What the exercise asks - From the line containing "Finch Birds Best" to the last line of the listing, both included, copy every line exactly and drop the pictures.

Input records -

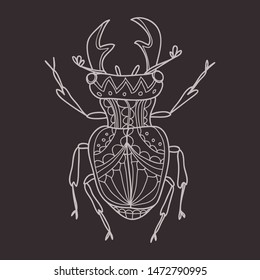 Cute hand drawn ortate beatle. Vector coloring page. 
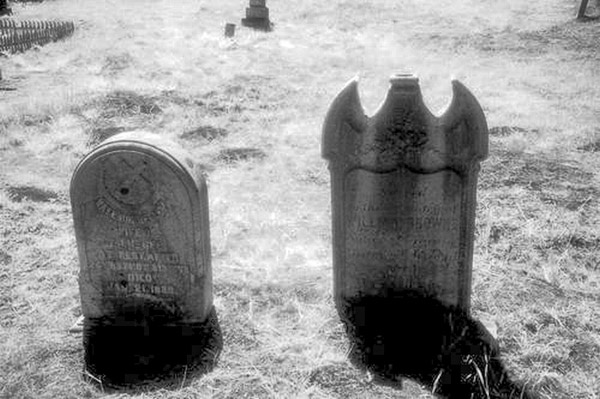 Cuffy's Cove cemetery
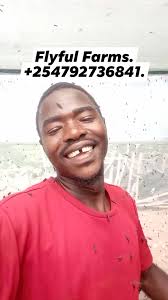 Black Soldier fly rearing.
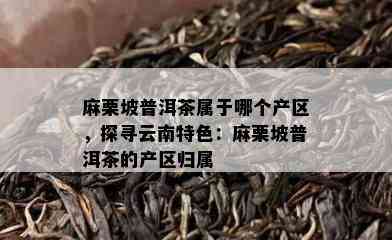 麻栗坡普洱茶属于哪个产区，探寻云南特色：麻栗坡普洱茶的产区归属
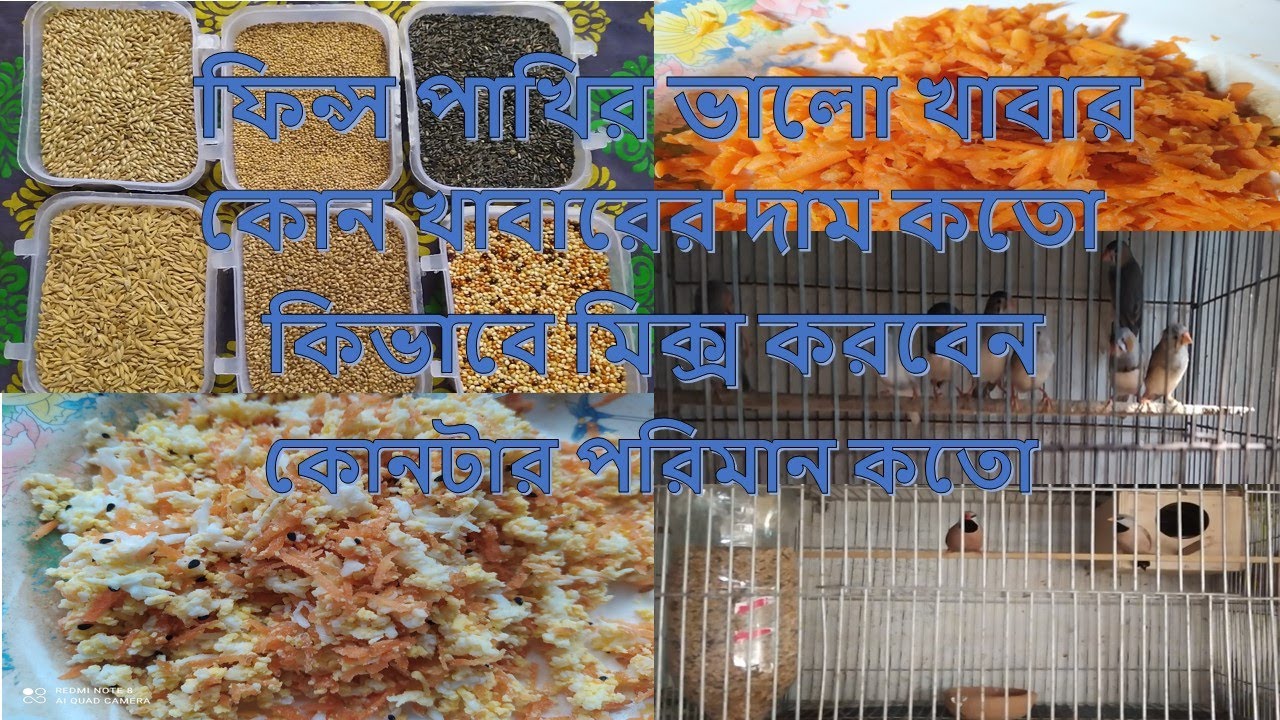 Finch Birds Best Food ।  ফিঞ্চ পাখির খাবার মিক্সার । কোন খাবারের দাম কতো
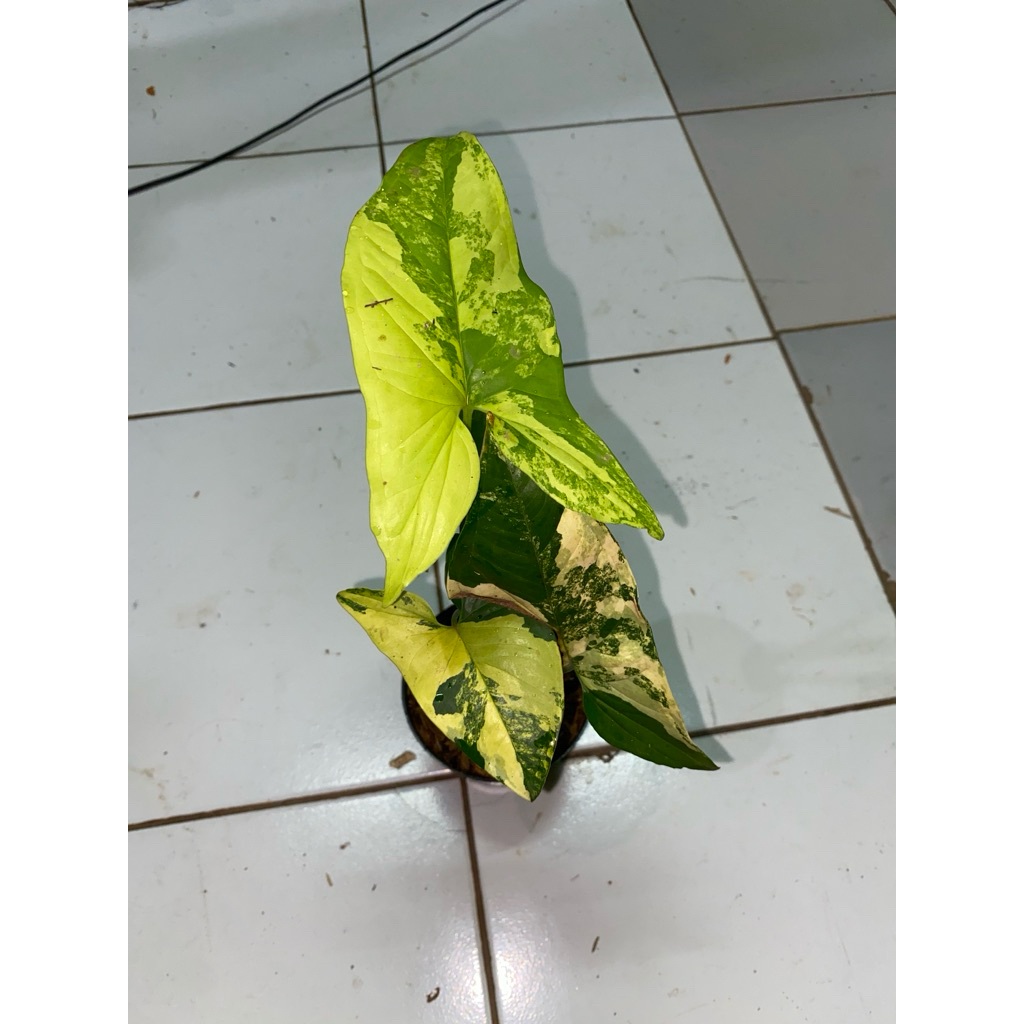 Jual Syngonium yellow/syngonium kuning | Shopee Indonesia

Reply -
 Finch Birds Best Food ।  ফিঞ্চ পাখির খাবার মিক্সার । কোন খাবারের দাম কতো
 Jual Syngonium yellow/syngonium kuning | Shopee Indonesia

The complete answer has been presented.